3. Removed multi-unit restaurants such as chain restaurants as this project is concerned with single-unit businesses.
4. Used categories and attributes data to identify restaurants' characteristics and what type of food/cuisine they are serving.
5. Used cosine similarity amongst businesses to fill in missing price range.
6. Removed columns that were not needed such as address, city, state, and etc.
7. Increase column size from 60 to 144 columns
8. Adjusted average star rating to have better representation at the same scale. For instance, one restaurant with 5 stars rating with 2 reviews is not same as other restaurant with 3.5 stars with 100+ reviews.
8. Reduced business dataset from 209,393 to 44,046 rows.

### 2.2 Review Dataset
The review dataframe contains 8,021,122 entries.
- Removed 4,750,990 reviews that were part of businesses in filtered business dataframe.
- Convert text column from object to string datatype

###### Summary of Review Dataset
1. Reduced business dataset from 8,021,121 to 3,270,132 rows (59% reduction); using filered business dataframe's business_id column.
2. No NaNs found
3. Added two new columns:
    - review_type: defines whether review is positive or negative in binary value based on user's average star rating.
    - text_count: total text count per review

### 2.3 User and Tip Dataset
The user dataframe contains 1,968,703 entries which reviewed businesses spanning across 10 metropolitan areas. For this classification project, a user dataframe is not needed as the column values provided do not bring any value in predicting whether a restaurant will close or not. User dataframe is used to filter tips dataframe using filtered user dataframe (removed users that were not in filtered review dataframe.)

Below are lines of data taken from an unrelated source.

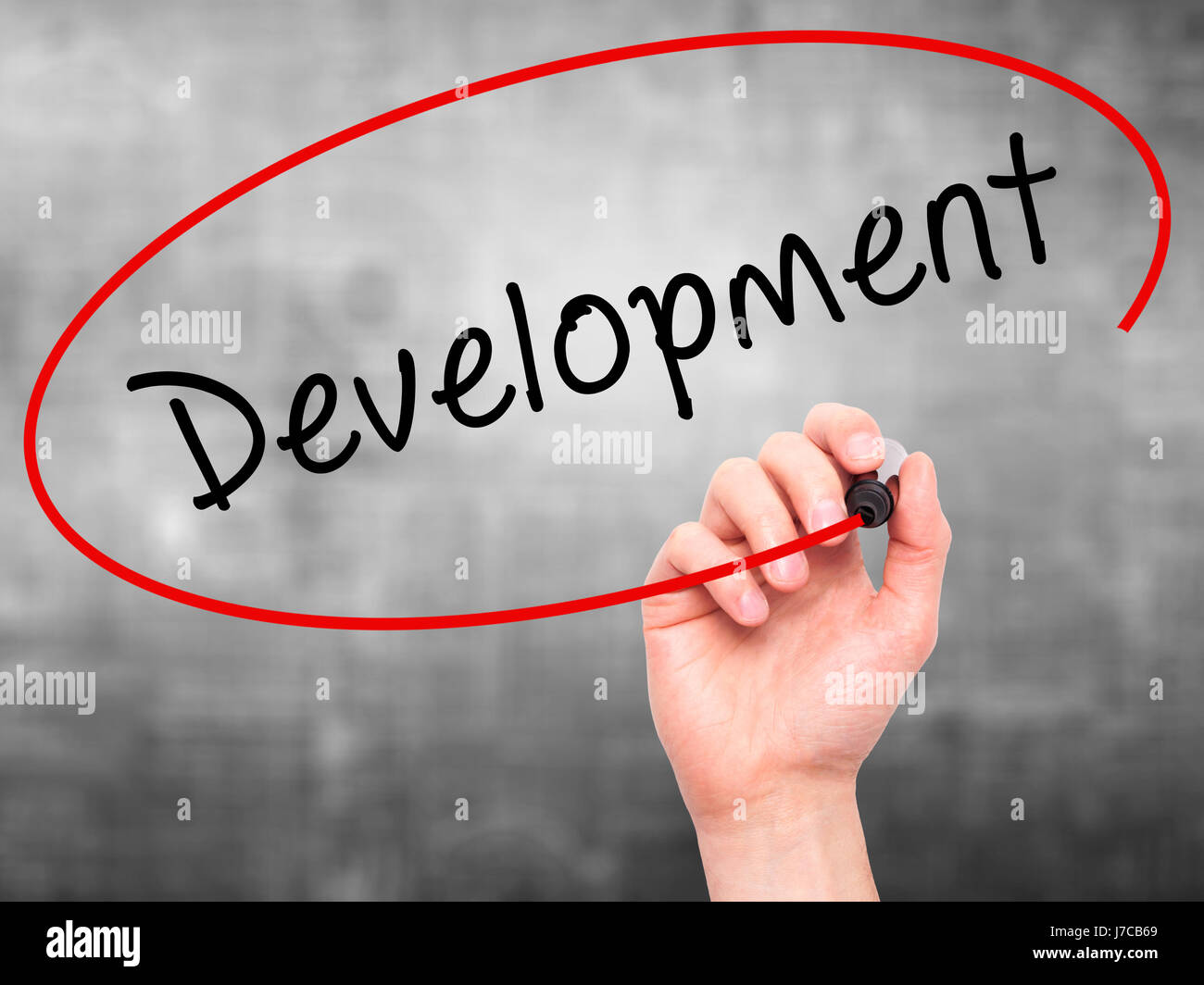 Man Hand writing Development with black marker on visual screen ...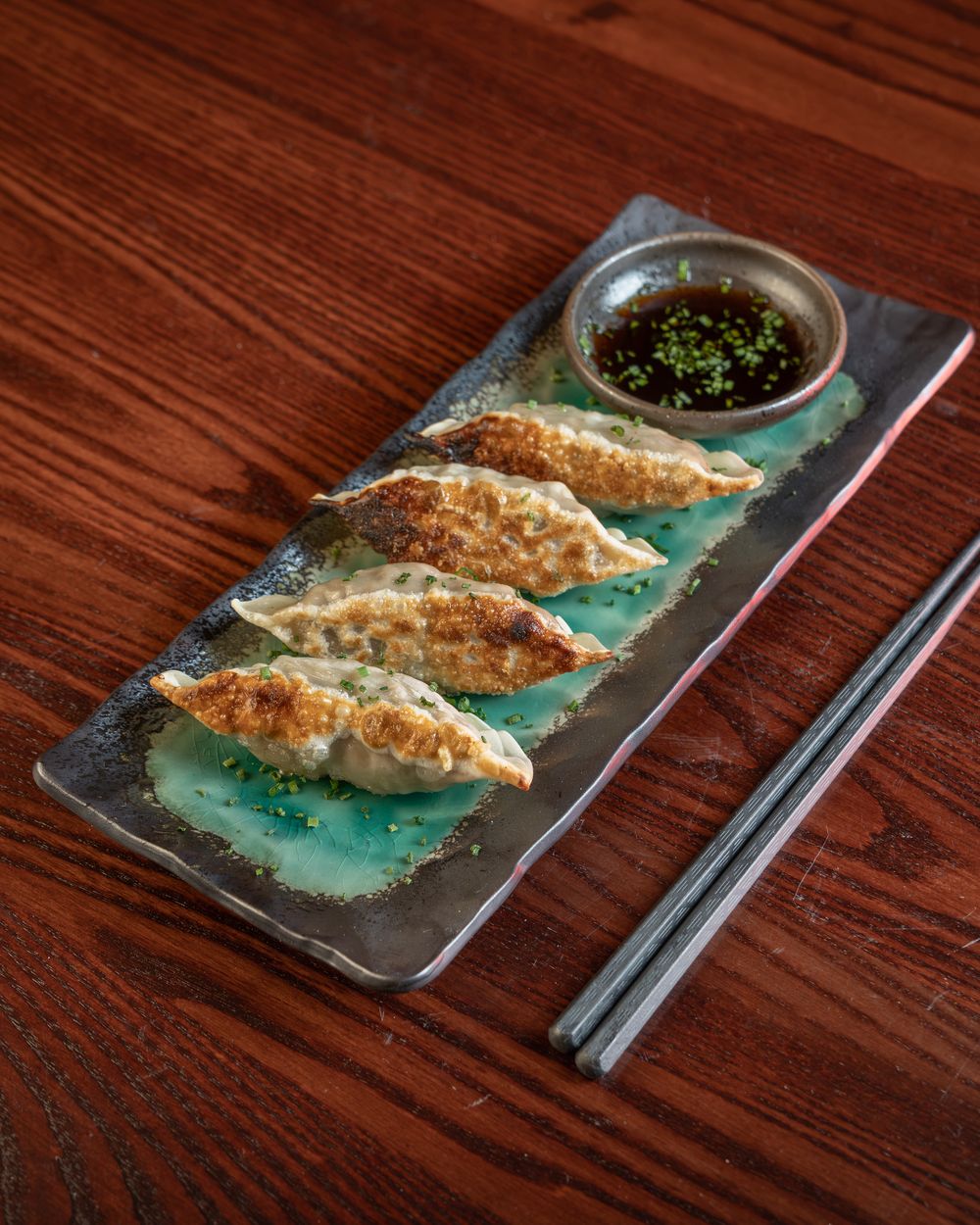 Five pan-fried gyoza on a teal plate with a dipping sauce.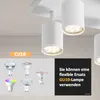 A close-up view of white LED ceiling spotlights with a selection of different GU10 bulbs shown below, and text overlay indicating compatibility. Produktbild-Vorschau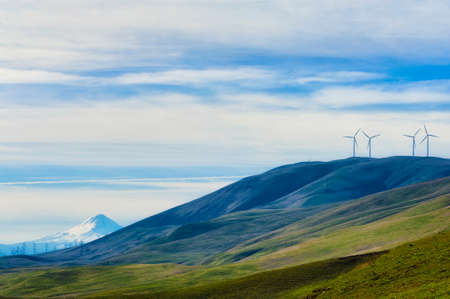 Windturbines stand tall and stark against the high desert landscape of rolling hills in the Columbia...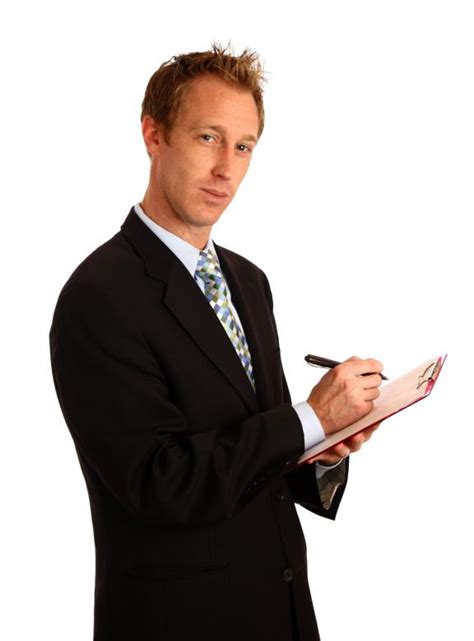 A Young Businessman Holding A Clipboard Free Stock Photo By Benjamin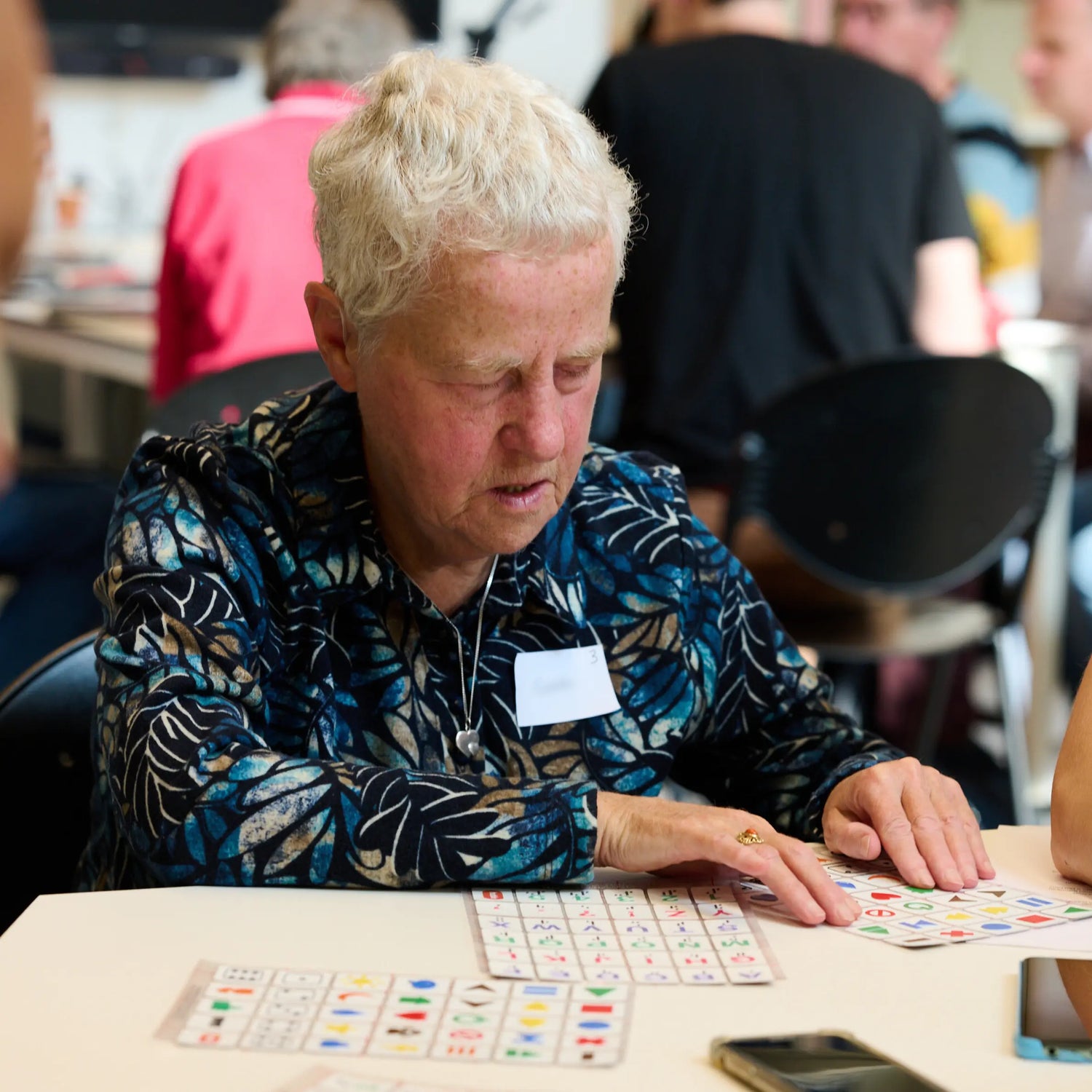 An older woman sits at a table feeling Stactiles tactile sticker sheets with both hands. She appears focused as she explores the raised shapes and symbols on the sheets. Other people are seated and interacting in the background of the room.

Unlike review dataframe, tips does not have any quantifiable values to determine whether it is a good comment or not for the restaurants. Therefore, sentiment analysis was used to define each tip as positive (1) or negative (0) based on its compound score.

**Note**

The Compound score is a metric that calculates the sum of all the lexicon ratings which have been normalized between -1(most extreme negative) and +1 (most extreme positive).

- positive sentiment : (compound score >= 0.05)
- neutral sentiment : (compound score > -0.05) and (compound score < 0.05)
- negative sentiment : (compound score <= -0.05)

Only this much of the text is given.